Brief
Nothing but the lines from the one containing "Vintage 90s Cat" through the one containing "Sale Photo Thumbnail", both included, should be given again, each exactly as written below.

Records supplied
=-=-=

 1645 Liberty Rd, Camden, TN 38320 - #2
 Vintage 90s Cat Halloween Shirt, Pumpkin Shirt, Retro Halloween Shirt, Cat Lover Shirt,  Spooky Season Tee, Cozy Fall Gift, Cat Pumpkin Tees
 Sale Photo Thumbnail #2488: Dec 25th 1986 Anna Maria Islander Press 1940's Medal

=-=-=

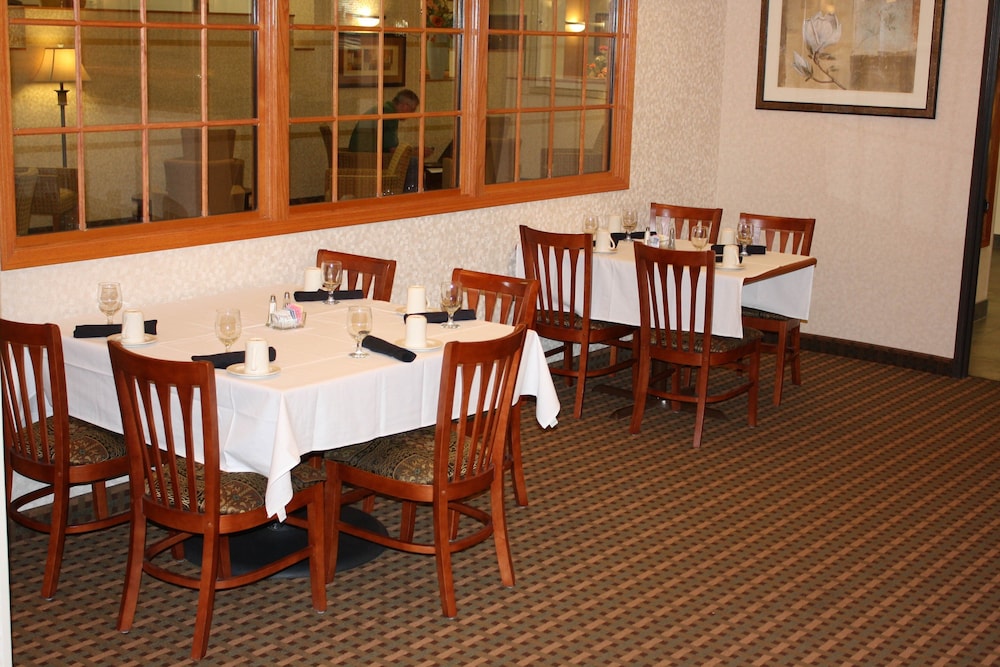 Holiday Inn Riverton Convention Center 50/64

=-=-=

Written response
 Vintage 90s Cat Halloween Shirt, Pumpkin Shirt, Retro Halloween Shirt, Cat Lover Shirt,  Spooky Season Tee, Cozy Fall Gift, Cat Pumpkin Tees
 Sale Photo Thumbnail #2488: Dec 25th 1986 Anna Maria Islander Press 1940's Medal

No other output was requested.